Snowflake supports integrating Apache Hive metastores with Snowflake by using external tables. The Hive connector detects metastore events and transmits the events to Snowflake to keep the external tables synchronized with the Hive metastore. With this capability, users can manage their data in Hive while querying it from Snowflake.

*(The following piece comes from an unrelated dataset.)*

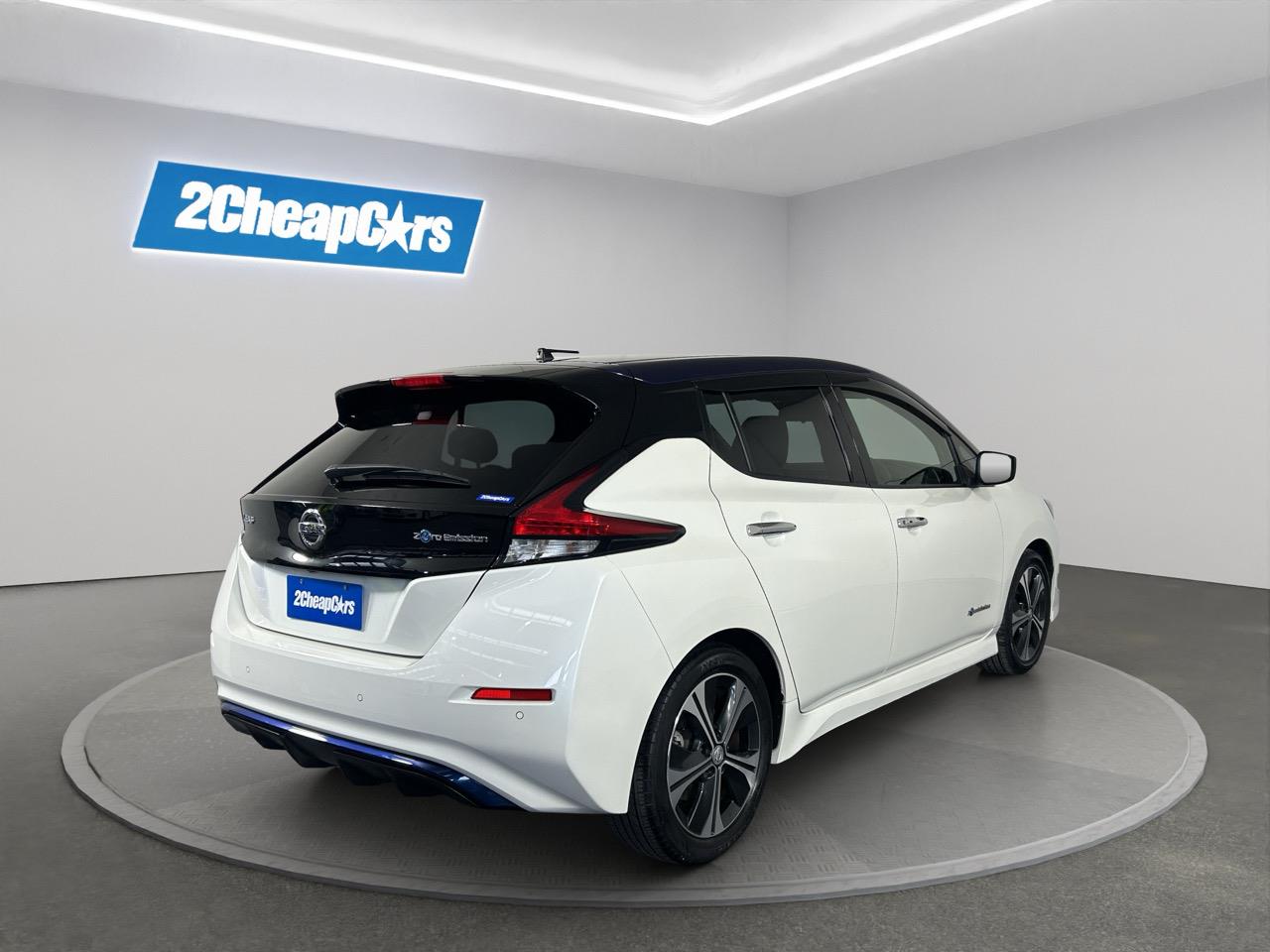 2018 Nissan Leaf 40S Late Model Hatchback REVESING CAMEIA + PUSH START + HEATED SEATS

For instructions, see Integrate Apache Hive metastores with Snowflake.

External table DDL¶

To support creating and managing external tables, Snowflake provides the following set of special DDL commands:

Required access privileges¶

Creating and managing external tables requires a role with a minimum of the following role permissions:

Object	Privilege
Database	USAGE
Schema	USAGE, CREATE STAGE (if creating a new stage), CREATE EXTERNAL TABLE
Stage (if using an existing stage)	USAGE

Information Schema¶

The Snowflake Information Schema includes views and table functions you can query to retrieve information about your external tables and their staged data files.

View¶

EXTERNAL_TABLES view: Displays information for external tables in the specified (or current) database.

Table functions¶

AUTO_REFRESH_REGISTRATION_HISTORY: Retrieve the history of data files that are registered in the metadata of specified objects and the credits billed for these operations.
EXTERNAL_TABLE_FILES: Retrieve information about the staged data files that are included in the metadata for a specified external table.
EXTERNAL_TABLE_FILE_REGISTRATION_HISTORY: Retrieve information about the metadata history for an external table, including any errors found when refreshing the metadata.